Listing 2: The MatInverseCayleyHamilton Function
public static double[][] MatInverseCayleyHamilton(double[][] A)
{
int n = A.Length; // A must be square
double[] coeffs = MatPoly(A);
double[][] Apower = MatCopyOf(A);
double[][] result = MatScalarMult(coeffs[n - 1], MatIdentity(n));
int k = n - 2;
while (k >= 0) {
result = MatAdd(result, MatScalarMult(coeffs[k], Apower));
Apower = MatMult(Apower, A);
--k;
}
result = MatScalarMult(-1 / coeffs[n], result);
return result;
}
An interesting side effect of the Cayley-Hamilton technique is that when you compute the coefficients of the characteristic polynomial, you also compute the determinant of the source matrix. The determinant magnitude is stored in the last cell of the coefficients vector, coeffs[n]. If the size of the matrix n is even, the determinant is just coeffs[n]. If n is odd, then the determinant is -1 * coeffs[n]. So for the demo program with n = 5, which is odd, the determinant is -1 * -610 = 610.

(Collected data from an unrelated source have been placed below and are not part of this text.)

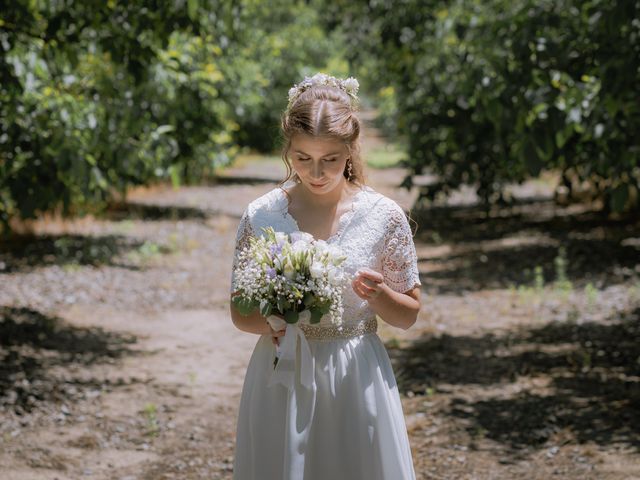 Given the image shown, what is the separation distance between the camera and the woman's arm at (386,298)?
9.41 feet

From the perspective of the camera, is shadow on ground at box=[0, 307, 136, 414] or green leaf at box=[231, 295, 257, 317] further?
shadow on ground at box=[0, 307, 136, 414]

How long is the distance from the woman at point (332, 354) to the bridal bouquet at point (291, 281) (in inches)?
5.6

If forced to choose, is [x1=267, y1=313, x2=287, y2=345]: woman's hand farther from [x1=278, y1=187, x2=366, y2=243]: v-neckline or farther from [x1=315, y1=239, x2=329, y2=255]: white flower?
[x1=278, y1=187, x2=366, y2=243]: v-neckline

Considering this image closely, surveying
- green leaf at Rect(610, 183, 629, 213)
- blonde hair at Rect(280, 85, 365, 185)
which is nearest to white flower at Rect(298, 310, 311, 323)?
blonde hair at Rect(280, 85, 365, 185)

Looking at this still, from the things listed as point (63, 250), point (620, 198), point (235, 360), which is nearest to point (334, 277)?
point (620, 198)

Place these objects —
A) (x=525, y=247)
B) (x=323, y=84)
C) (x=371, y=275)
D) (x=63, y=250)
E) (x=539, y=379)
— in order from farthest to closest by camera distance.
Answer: (x=525, y=247) < (x=63, y=250) < (x=539, y=379) < (x=323, y=84) < (x=371, y=275)

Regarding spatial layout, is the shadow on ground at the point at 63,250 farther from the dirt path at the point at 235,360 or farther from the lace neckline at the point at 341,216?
the lace neckline at the point at 341,216

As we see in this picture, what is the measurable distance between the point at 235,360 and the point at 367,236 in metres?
4.87

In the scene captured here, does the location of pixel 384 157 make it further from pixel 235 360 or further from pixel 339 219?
pixel 339 219

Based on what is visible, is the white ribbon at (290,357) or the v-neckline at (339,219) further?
Result: the v-neckline at (339,219)

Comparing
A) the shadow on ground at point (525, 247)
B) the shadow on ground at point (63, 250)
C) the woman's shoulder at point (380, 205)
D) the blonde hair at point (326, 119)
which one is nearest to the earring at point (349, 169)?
the blonde hair at point (326, 119)

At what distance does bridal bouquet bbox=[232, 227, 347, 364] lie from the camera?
2756 mm

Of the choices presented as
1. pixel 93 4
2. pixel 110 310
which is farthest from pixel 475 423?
pixel 110 310

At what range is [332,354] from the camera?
9.96 ft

You could modify the MatInverseCayleyHamilton() function to return the determinant as an out parameter:
public static double[][] MatInverseCayleyHamilton(double[][] A,
out double det)
{
. . .
if (n % 2 == 0)
det = coeffs[n];
else
det = -1 * coeffs[n];
return result;
}
And then you could call like:
double det;
MatInverseCayleyHamilton(A, out det);
Console.WriteLine("Determinant is " + det);
Most of the technical references on Cayley-Hamilton determinant computation expresses the value as (-1)^n * coeffs[n] which gives the same result as the even/odd approach.
Checking the Matrix Inverse
The demo concludes by checking that the computed matrix inverse is correct:
Console.WriteLine("Checking A * Ainv = I ");
double[][] check = Utils.MatMult(A, Ainv);
Utils.MatShow(check, 4, 9);
if (Utils.MatAreEqual(check, Utils.MatIdentity(5), 1.0e-8) == true)

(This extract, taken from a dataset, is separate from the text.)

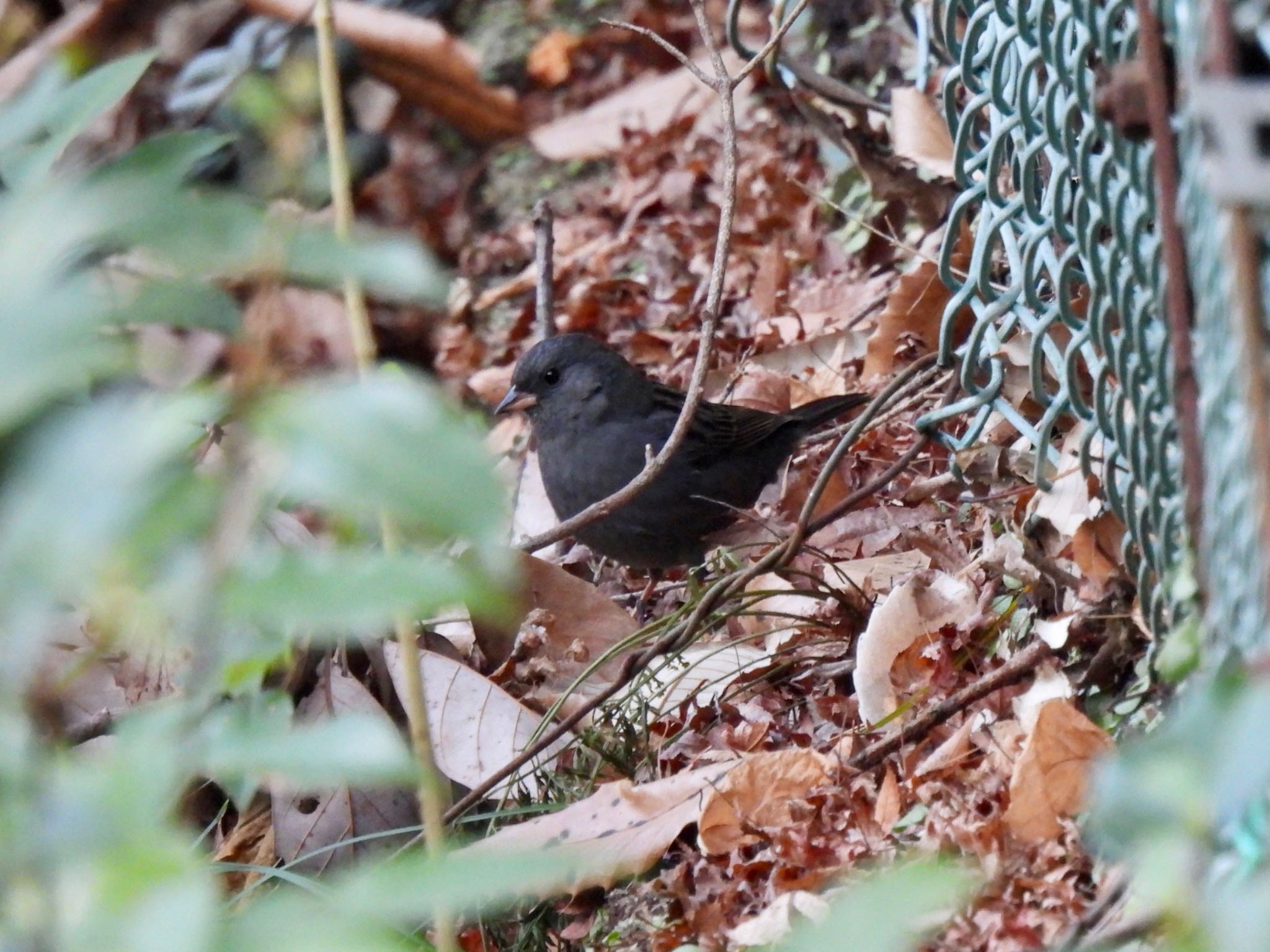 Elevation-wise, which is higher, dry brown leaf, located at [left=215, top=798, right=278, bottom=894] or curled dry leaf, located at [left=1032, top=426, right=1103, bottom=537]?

Console.WriteLine("Check PASS ");
else
Console.WriteLine("Check FAIL ");
Recall that for a source matrix A, the definition of a matrix inverse Ainv is one where A * Ainv = Ainv * A = I. The demo program checks just A * Ainv. In a non-demo scenario, it'd be more thorough to also check Ainv * A.
The Cayley-Hamilton technique can fail in many ways, which is why it's not used very often. The first point of possible failure is computing the coefficients of the characteristic polynomial. If the source matrix is large, and all the cells are positive (such as a machine learning Kernel matrix), the MatTrace() result can easily overflow.
In a non-demo scenario, you should examine the coefficients to make sure none of them has exploded to a huge value, or shrunk to nearly zero. Cayley-Hamilton usually works best when the source matrix has small magnitude values that are both positive and negative.
Wrapping Up
Compared to other matrix inverse algorithms, the Cayley-Hamilton technique is easy to modify and is highly interpretable if you insert diagnostic print statements. The main disadvantage of Cayley-Hamilton is that is slow. Here are some timing results for inverting dim-by-dim matrices filled with random values between -1.0 and +1.0, using a check tolerance of 1.0e-8, run on a standard desktop machine:
dim time
-------------------
10 0.0 seconds
50 0.1 seconds
100 1.2 seconds
200 20.8 seconds
300 115.2 seconds ( ~2 minutes)
400 434.2 seconds ( ~7 minutes)
500 1223.0 seconds (~20 minutes)
The time required to invert a matrix using Cayley-Hamilton is dominated by calls to the MatMult() function which requires approximately (dim * dim * dim) operations. Therefore, time increases exponentially and at some point, around size 500-by-500, Cayley-Hamilton becomes impractical.